* _Task requirements_
Filter the entries down to the lines holding "wall", then copy those lines.

* _Material shown_

== == ==

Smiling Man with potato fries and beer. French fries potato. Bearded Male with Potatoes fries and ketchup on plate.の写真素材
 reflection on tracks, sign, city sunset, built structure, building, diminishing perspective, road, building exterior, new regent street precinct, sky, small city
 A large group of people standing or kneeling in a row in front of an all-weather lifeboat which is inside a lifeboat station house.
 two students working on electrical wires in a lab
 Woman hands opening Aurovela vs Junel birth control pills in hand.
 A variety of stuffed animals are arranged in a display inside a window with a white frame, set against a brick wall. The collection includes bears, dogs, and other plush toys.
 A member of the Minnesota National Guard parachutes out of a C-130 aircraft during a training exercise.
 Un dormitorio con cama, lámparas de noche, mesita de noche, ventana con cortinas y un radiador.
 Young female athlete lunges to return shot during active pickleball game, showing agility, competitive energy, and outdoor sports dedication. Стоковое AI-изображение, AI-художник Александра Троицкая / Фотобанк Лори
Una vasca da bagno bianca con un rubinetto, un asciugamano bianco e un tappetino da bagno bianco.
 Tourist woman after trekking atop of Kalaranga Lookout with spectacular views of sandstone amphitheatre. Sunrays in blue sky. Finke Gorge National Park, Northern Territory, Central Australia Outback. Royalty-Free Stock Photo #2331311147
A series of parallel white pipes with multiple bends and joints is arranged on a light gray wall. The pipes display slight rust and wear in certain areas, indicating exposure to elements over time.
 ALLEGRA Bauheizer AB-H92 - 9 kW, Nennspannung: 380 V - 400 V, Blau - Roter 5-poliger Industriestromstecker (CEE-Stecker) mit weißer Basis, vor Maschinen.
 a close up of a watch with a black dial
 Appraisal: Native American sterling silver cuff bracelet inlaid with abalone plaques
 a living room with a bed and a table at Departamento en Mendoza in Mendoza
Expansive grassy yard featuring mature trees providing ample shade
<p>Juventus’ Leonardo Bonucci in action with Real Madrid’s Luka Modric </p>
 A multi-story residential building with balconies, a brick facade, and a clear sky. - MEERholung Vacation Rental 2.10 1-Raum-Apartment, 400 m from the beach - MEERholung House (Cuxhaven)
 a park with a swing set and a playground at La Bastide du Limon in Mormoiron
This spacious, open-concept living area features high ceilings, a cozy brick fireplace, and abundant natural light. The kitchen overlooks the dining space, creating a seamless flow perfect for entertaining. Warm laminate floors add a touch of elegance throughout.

== == ==

* _Your response_
 A variety of stuffed animals are arranged in a display inside a window with a white frame, set against a brick wall. The collection includes bears, dogs, and other plush toys.
A series of parallel white pipes with multiple bends and joints is arranged on a light gray wall. The pipes display slight rust and wear in certain areas, indicating exposure to elements over time.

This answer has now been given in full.